----- INFORMATION SUPPLIED -----

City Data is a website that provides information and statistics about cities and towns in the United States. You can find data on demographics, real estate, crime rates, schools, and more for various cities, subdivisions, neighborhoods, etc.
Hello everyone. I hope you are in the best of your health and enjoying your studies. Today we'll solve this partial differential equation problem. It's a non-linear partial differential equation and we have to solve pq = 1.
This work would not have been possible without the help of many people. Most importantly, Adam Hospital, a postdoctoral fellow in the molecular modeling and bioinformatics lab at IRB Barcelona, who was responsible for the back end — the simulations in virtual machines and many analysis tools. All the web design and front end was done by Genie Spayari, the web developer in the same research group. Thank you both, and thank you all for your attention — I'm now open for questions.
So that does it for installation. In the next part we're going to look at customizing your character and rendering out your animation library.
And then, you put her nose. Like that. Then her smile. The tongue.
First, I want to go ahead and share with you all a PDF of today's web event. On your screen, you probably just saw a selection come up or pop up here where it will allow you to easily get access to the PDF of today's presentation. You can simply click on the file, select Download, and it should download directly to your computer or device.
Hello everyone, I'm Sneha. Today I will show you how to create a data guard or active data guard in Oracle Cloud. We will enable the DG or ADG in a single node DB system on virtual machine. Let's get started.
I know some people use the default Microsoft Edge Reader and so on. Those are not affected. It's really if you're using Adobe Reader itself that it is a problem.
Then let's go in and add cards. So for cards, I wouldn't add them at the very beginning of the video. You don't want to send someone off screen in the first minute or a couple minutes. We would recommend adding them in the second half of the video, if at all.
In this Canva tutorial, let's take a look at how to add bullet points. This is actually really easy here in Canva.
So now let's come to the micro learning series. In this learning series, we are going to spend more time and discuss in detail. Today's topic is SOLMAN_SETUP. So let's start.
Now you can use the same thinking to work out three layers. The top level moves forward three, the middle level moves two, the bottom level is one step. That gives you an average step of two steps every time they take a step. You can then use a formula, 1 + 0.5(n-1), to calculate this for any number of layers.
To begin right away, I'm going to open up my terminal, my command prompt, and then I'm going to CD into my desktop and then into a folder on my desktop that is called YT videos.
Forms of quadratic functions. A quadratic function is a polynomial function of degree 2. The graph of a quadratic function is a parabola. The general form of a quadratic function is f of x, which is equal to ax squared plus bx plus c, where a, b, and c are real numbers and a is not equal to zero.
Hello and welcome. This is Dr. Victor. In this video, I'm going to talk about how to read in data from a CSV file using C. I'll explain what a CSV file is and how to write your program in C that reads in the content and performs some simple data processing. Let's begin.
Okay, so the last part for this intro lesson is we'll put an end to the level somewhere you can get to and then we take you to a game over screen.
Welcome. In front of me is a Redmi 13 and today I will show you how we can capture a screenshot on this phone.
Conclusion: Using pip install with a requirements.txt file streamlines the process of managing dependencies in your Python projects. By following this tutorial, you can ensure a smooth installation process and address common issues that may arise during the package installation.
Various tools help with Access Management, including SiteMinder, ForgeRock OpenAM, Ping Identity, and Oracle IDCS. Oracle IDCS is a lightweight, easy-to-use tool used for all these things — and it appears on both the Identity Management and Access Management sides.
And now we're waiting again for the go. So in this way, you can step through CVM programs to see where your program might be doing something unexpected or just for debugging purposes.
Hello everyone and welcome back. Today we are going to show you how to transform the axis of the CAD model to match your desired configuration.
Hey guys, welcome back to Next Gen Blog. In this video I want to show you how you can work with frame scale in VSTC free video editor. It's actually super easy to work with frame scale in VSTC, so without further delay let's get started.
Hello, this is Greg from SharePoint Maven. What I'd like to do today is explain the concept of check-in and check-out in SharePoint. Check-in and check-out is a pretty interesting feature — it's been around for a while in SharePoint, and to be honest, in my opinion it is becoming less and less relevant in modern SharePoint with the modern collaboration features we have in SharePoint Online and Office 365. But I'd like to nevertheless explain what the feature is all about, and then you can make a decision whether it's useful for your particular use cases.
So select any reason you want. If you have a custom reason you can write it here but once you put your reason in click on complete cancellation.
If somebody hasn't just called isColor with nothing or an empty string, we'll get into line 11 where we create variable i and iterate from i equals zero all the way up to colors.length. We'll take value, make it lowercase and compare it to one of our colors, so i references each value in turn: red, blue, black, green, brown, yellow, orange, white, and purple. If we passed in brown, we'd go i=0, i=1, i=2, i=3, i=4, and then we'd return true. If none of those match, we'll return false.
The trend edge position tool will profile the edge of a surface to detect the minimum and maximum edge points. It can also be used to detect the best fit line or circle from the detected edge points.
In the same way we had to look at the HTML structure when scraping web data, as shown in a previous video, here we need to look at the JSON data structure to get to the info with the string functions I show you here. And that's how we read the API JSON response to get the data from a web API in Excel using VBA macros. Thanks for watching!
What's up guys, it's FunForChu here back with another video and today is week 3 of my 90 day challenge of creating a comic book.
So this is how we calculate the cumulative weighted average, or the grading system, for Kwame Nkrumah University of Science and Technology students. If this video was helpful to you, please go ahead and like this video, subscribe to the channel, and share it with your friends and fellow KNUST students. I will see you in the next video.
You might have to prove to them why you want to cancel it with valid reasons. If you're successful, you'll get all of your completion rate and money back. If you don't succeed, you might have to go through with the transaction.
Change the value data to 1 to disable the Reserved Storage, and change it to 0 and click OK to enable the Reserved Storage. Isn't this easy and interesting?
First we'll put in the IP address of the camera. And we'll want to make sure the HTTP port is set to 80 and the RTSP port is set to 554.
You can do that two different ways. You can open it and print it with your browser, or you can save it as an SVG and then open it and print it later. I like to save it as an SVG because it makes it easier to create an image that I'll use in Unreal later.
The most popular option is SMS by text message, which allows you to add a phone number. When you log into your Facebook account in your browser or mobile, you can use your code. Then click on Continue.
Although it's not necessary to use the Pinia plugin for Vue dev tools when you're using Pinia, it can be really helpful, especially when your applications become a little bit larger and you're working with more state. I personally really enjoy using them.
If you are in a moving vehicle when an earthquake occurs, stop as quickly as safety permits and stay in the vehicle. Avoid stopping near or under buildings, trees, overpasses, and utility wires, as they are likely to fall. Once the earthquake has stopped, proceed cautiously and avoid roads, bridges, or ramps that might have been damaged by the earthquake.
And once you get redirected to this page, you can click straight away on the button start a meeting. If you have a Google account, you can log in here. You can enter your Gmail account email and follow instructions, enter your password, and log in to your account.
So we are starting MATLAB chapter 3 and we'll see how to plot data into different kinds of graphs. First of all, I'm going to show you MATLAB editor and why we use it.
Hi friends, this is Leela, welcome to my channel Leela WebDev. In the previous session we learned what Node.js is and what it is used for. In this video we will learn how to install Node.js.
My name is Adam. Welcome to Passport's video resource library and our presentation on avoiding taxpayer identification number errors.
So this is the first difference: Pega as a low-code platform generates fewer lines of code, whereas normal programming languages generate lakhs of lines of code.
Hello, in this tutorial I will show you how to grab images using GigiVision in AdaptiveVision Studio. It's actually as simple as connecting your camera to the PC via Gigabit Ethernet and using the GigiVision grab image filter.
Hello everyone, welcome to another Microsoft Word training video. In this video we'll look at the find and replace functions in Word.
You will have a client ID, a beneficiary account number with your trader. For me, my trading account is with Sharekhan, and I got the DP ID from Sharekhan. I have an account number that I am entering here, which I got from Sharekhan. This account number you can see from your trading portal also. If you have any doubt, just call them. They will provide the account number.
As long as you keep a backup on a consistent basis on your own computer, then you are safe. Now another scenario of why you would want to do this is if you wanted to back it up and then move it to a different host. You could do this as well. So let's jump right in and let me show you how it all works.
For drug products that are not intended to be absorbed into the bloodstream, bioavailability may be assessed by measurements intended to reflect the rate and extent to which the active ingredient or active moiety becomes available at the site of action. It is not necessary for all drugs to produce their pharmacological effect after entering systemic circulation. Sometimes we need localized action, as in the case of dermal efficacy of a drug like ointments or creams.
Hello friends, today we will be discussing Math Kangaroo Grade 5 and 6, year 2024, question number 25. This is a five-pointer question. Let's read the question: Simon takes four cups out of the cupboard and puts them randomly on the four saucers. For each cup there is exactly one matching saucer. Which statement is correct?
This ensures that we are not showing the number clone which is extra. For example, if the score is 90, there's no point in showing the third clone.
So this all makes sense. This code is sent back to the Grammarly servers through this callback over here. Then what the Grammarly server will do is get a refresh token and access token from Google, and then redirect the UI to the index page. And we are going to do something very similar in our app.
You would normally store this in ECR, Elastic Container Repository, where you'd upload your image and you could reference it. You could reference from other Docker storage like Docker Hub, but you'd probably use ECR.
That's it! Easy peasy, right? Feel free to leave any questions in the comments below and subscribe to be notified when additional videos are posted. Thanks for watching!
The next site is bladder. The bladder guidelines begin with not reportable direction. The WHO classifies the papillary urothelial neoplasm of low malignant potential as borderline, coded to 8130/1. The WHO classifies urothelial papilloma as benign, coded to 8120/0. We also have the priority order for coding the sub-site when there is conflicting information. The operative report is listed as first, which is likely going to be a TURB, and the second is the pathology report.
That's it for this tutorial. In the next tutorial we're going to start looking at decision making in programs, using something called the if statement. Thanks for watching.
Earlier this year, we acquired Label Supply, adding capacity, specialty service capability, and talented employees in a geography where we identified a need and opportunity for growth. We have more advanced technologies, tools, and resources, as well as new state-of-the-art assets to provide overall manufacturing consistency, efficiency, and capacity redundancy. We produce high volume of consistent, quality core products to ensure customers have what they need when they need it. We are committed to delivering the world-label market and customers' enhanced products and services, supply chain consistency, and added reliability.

-----

- [REQUIRED ACTION] In the entries above, find the line holding "So this is the" and the line holding "Hello, in this"; print both of them and every line between, exactly, and nothing else.

- [TASK RESPONSE]
So this is the first difference: Pega as a low-code platform generates fewer lines of code, whereas normal programming languages generate lakhs of lines of code.
Hello, in this tutorial I will show you how to grab images using GigiVision in AdaptiveVision Studio. It's actually as simple as connecting your camera to the PC via Gigabit Ethernet and using the GigiVision grab image filter.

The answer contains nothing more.